Whistler, I love you.

I’m walking through Whistler Village eating a slice of Avalanche Pizza and I don’t think I could be any happier. This place has never felt more like home. I have so many great memories in this space- grateful to have spent so much time here.

The team arrived in Whistler directly from a training week in Norway.  The track here in Whistler is still the fastest in the world. The trackcrew keeps the ice flawless. It feels like the sled is running on rails- it's so smooth. Even though sleds push 140 km/h, it’s easy to keep your composure because you can’t feel the bumps.

I’ve had more trips down this track than anywhere else- I’ve been coming here to train since 2008. It really is my home track. The thing about getting comfortable with a track is that you can eventually let the sled do all the work; All the steers and corrections you have to make start to become lighter and almost effortless. I call that feeling flow. It’s what I try chase everywhere I go. The key to the track is to strike the balance between flow and effort- you want to steer as little as you can while still staying on the correct line.

The best part about growing up on this ice is that I know I can handle anything coming my way. It's a great feeling to sit at the start, peer down at the track, and feel nothing but eagerness to go as fast as I can. When I’m sliding here, unlike anywhere else, I can let the sled find it's way down the track. I don't have to force anything. Everything just makes sense. 

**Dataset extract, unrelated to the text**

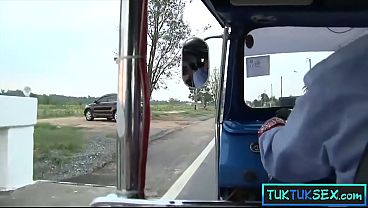 Ibu-ibu Thailand Amatir Digetok Di Pinggir Jalan, Langsung Digiring Buat Tumpangan Panas.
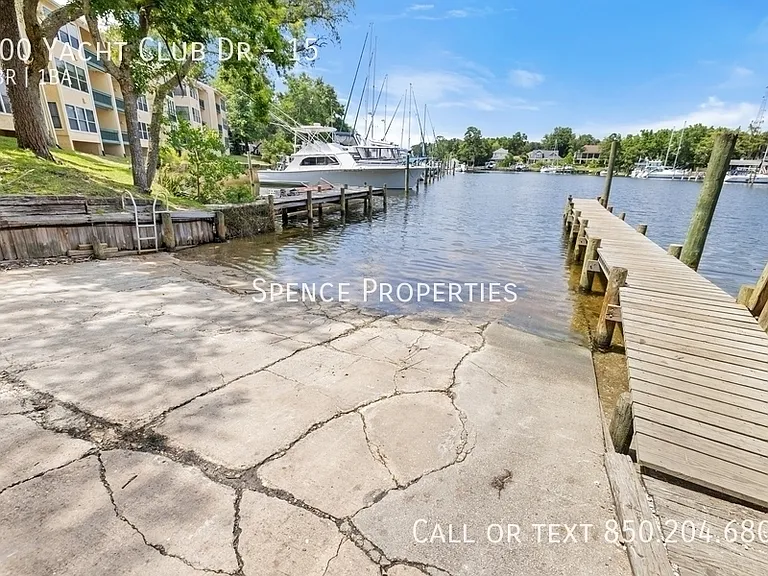 300 Yacht Club Dr #15 — Photo 42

This week tested my mental toughness.  We did double sliding sessions on top of weight training. The days were long and hard and we didn't get many breaks. There were a few times where I thought I couldn’t hack it. But, I reminded myself that this challenge would help me foster a sense of self-confidence for this season. I know that every run I take will help me get to where I want to be. I can always find something to improve.

We wrapped the week off with a race amongst the team. This was the first race of the Olympic year and the first opportunity we had to really push ourselves. This was the first race in a series of 3 races to determine who makes the national team and, eventually, who will be given the chance to compete for an Olympic Spot. Read more on Olympic selection on the next blog. 


The track was immaculate and, despite some mental fatigue, I knew I was ready to hit it. It's always nice waking up to fresh snow on race day- it means the temperature is low enough for fast ice. 

I felt rushed getting together and had to cut my warmup short to get ready for the first run. The run itself felt easy. As the corners went by, I could feel myself relax and go into autopilot. I have done this track so many times that I didn’t need to think about it. I nailed the transitions and did my best to melt into the sled. I had one driving error in the lower section, but nothing major. For the second run, I had more time to get ready.  As I was going to down, the transitions between curves felt even better than the first. I knew that I could just let the sled fly. I’m happy to say that those were the two best runs I could deliver that day. I’m proud of them.

I want to find this feeling on different tracks this year.  I think this is the mental-state in which I am my best. The first face I saw at the finish was my mom-- who made a quick trip to watch me race. I was so thrilled. The whole week came together in the best way. The runs were clean and I learned a lot about the state in which I like to compete. I'm happy to leave Whistler on a positive note.

Honestly, this track feels like home. The people, the crew, the ice, the scenery, the memories— all hold a special place in my heart and always will. Next test- a week of training in Calgary. 

In the meantime, 

Whistler, I love you.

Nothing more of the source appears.